Monday, 6 October 2008

Estimating the losses to UK banks from the house price crash

Here are my workings on the worst-case total house-purchase related negative equity in the UK (click to enlarge):
The total negative equity of £74 billion is around 5% of total UK household debt of £1,409 billion (which is of course much the same figure as bank lending to UK households). 

£74 billion is probably far larger than the loss that mortgage lenders will suffer. I'd expect that most home-owners who are in negative equity, but who don't fall to a Big D* will grin and bear it; conversely, amateur buy-to-let landlords who bought multiple properties at the peak and who are losing money every month are quite likely to cut and run, so the losses that mortgage lenders suffer might be half that amount, say £40 billion in round figures.
If you want to check my workings, here are the sources:

A) The figures for loan-to-value ratios and number of borrowers in each band is taken from The Bank of England's Stability Report, April 2008, Table 1.9

B) Midpoint of range in the first Column A)

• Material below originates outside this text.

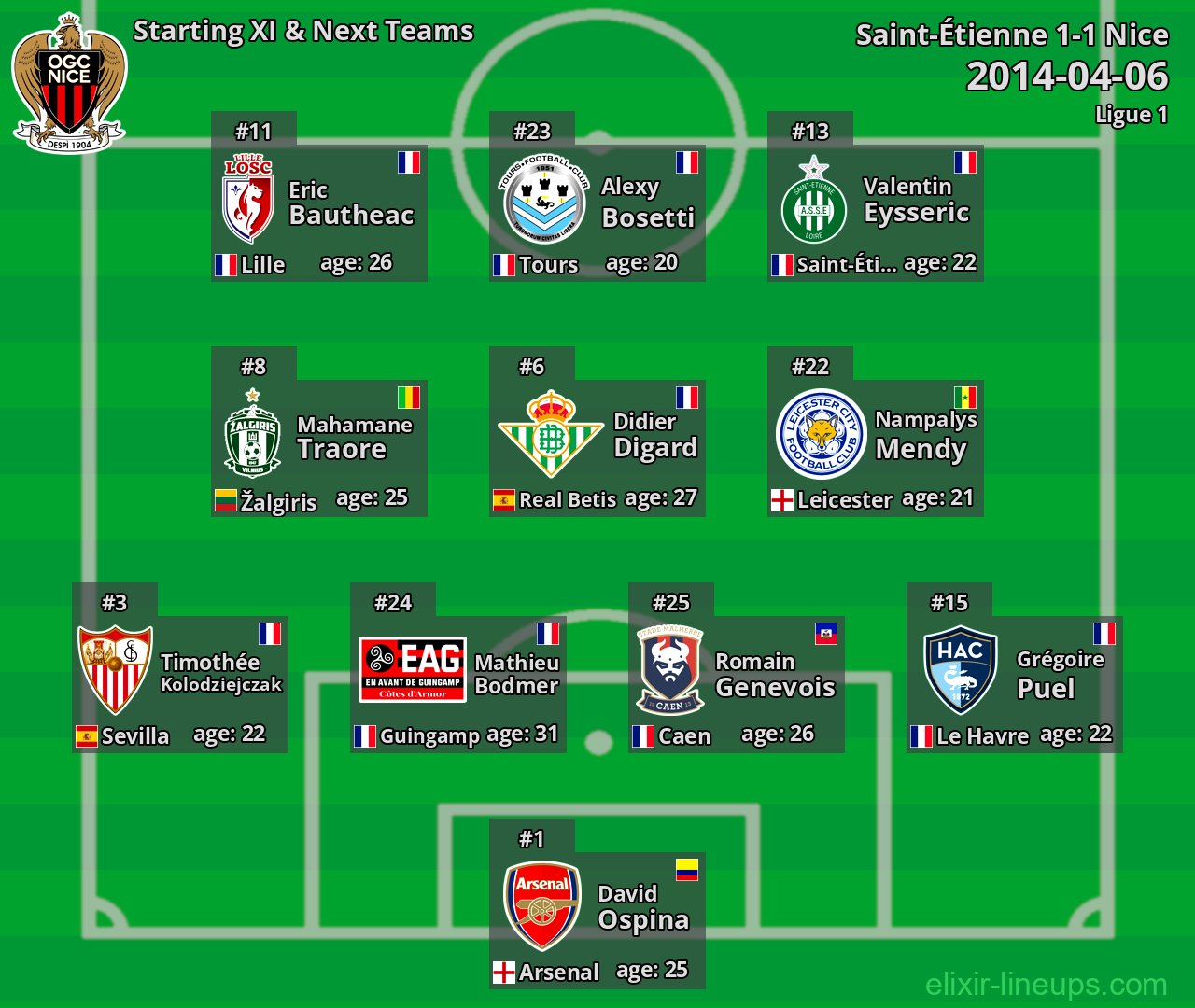 Nice Starting XI & Next Teams 2014-04-06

C) Per cent of mortgagors from the second Column A) multiplied by 11.8 million outstanding mortgages.

D) Mortgage value assumes that the two groups most likely to be affected by negative equity are first time buyers and buy-to-letters. The average price paid by first time buyers (which I shall take as a proxy for the average price paid by Buy-to-let landlords) at the peak of the market in 2007 was £160,000. Hence the figure in Column D) is the figure in the first column A) multiplied by £160,000.

E) The 832 respondents who responded to my thoroughly researched and highly scientific fun on line poll showed a consensus expectation of a 42% fall in house prices from peak-to-trough. The figure in Column E) is thus £160,000 x 58%.

F) Column F) is simply the mortgage value from Column D) minus property value from Column E), giving a negative equity-per-property figure.

G) Column G) is the number of borrowers from Column C) multiplied by the negative-equity-per-property from Column F)

* The Big D's are Divorce, Death, Debt, Disability, Dole, Drink, Drugs and Detainment at Her Majesty's Pleasure.


Anonymous said...

Another D - Darling manages to screw things up even more.


Anonymous said...

The D that TB had - juvenile Dementia.

Mark Wadsworth said...

Which TB? Tony Blair? Anybody who overborrows to buy a house at the top of the market is Deluded anyway, so that's a given.